From a theoretical standpoint, one might argue that transaction costs can be ignored in the pricing of financial assets because investors can choose to trade only in liquid assets with low transaction costs and hold higher transaction-costs assets for longer periods (see, e.g., Constantinides (1986). See also Heaton and Lucas (1996), and Vayanos (1998)). Hence, when transaction costs are amortized over the expected holding period they become rather small and of second order. This argument assumes that transaction costs are constant and that investor are free to choose when to trade. However, these two assumptions may not hold in practice. First, this paper shows empirically that liquidity varies over time, which raises the possibility of a premium associated with liquidity risk. For example, when considering whether to undertake a large investment, an arbitrageur may demand a premium for bearing the risk of incurring large costs when closing out the position in the future. Second, investors may be impatient to execute their trades or they might be subject to liquidity shocks, forcing them to liquidate their positions. This paper finds that transaction costs can impose a first order effect on prices.
This study focuses on the relationship between liquidity and momentum. The momentum anomaly (see, Jegadeesh and Titman (1993)) is recognized as one of the biggest challenges to asset pricing (see, e.g., Fama and French (1996), and Fama (1998)). Momentum strategies exhibit high abnormal returns that cannot be explained by measures of risk to date (see, e.g., Grundy and Martin (2001), and Jegadeesh and Titman (2001)). Hence, behavioral explanations, based on some type of bounded rationality of investors, such as overconfidence or underreaction of investors to information, have been developed to explain momentum continuation (see, e.g., Barberis, Shleifer, and Vishny (1998), Daniel, Hirshleifer, and Subrahmanyam (1998), and Hong and Stein (1999)). However, exploiting momentum-based strategies involves high turnover (see, e.g., Moskowitz and Grinblatt (1999), and Grundy and Martin (2001)). Therefore, one should take transaction costs explicitly into account while evaluating whether such strategies provide post-transaction-cost returns, to adequately compensate for the risk inherent in them (see, e.g., Korajczyk and Sadka (2002)).

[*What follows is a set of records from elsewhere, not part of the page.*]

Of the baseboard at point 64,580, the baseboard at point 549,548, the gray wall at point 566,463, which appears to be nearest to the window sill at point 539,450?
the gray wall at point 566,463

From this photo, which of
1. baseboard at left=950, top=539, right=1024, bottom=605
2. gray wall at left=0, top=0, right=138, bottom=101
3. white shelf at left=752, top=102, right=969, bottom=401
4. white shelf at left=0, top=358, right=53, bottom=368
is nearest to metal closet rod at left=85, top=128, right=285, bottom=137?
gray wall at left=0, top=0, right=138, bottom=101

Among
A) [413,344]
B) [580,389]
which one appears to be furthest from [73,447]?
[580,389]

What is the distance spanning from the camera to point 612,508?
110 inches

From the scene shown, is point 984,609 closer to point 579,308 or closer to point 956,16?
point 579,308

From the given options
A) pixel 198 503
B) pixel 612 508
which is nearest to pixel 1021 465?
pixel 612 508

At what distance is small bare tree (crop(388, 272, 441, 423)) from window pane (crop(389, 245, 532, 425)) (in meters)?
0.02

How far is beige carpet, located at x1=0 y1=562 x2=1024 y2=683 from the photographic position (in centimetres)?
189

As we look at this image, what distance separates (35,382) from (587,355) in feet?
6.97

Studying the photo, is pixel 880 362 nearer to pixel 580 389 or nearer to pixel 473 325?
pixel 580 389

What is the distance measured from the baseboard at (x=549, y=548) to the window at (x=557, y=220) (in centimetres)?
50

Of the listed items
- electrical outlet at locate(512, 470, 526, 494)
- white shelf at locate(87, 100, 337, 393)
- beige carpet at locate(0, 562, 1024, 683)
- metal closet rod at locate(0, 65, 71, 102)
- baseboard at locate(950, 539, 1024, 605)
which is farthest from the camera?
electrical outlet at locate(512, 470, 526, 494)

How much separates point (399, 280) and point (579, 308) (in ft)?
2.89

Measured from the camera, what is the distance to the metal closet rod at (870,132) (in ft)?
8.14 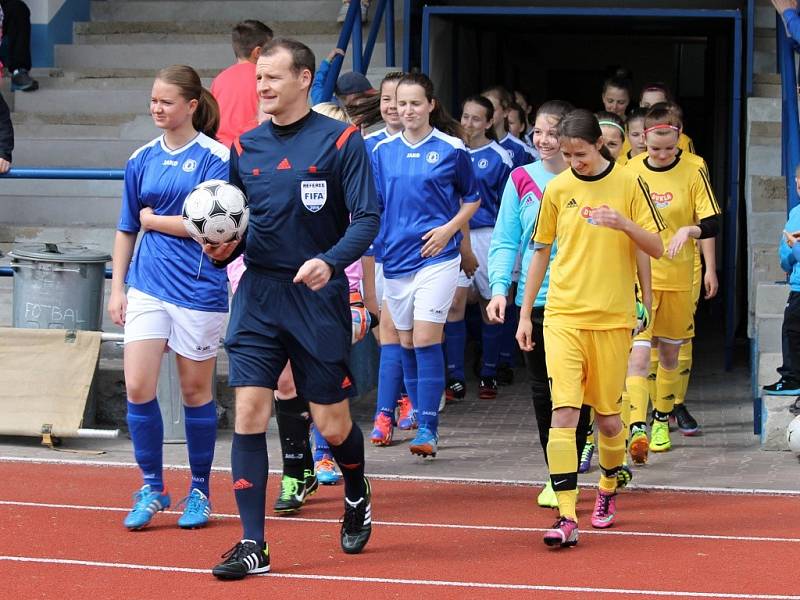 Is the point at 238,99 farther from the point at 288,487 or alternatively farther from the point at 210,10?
the point at 210,10

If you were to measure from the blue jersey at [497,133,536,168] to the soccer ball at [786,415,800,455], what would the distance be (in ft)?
12.9

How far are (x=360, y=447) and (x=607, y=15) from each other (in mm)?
7120

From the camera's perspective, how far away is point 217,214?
18.4ft

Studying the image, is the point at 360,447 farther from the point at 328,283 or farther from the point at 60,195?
the point at 60,195

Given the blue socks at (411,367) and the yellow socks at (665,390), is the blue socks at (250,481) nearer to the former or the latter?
the blue socks at (411,367)

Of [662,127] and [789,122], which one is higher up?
[789,122]

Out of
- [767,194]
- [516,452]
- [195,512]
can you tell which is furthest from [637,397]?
[767,194]

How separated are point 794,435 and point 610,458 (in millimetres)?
1953

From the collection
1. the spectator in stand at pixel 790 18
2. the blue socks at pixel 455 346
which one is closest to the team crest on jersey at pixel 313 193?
the blue socks at pixel 455 346

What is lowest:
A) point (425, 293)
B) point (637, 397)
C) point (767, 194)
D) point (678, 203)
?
point (637, 397)

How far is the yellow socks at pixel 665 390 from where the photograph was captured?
8.89 meters

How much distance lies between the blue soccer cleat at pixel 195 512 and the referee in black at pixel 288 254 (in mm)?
851

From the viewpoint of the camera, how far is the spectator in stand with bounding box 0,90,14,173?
32.5ft

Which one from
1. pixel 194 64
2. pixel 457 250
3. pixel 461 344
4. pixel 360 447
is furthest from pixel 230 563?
pixel 194 64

Liquidity and transaction costs have received much attention in recent studies. However, a careful look reveals that liquidity can be defined in many different ways (see O’Hara (1995)). Even while limiting the discussion to execution costs of trades in equity markets, one would naturally distinguish between direct costs, such as brokerage fees, and indirect or invisible costs, such as price impacts of trades (see, e.g., Treynor (1994)). In this paper, the derivation of invisible liquidity costs relies on concepts from the market microstructure literature.
Starting with the work of Demsetz (1968) and Garman (1976), the market microstructure literature has evolved both theoretically and empirically, contingent on the availability of intraday data. Intraday data, such as provided by the Institute for the Study of Securities Markets (ISSM), became available only in the late 1980s. Until then, microstructure research has focused mainly on developing models to explain the role of the bid-ask spread as part of the trading activity (see, e.g., Amihud and Mendelson (1986), Copeland and Galai (1983), Kyle (1985), Glosten and Milgrom (1985), Easley and O’Hara (1987), and Admati and Pfleiderer (1988)). Another front focused on inferring spreads from interday data, such as daily and monthly security returns (see, e.g., Roll (1984)). Currently, tick-by-tick data for a period of almost two decades and for a large cross section of firms is available to researchers of financial markets. We therefore no longer need to use daily/monthly data to infer the bid-ask spreads–we can observe them directly, and we can now apply the core theoretical models of microstructure theory to a large panel of data.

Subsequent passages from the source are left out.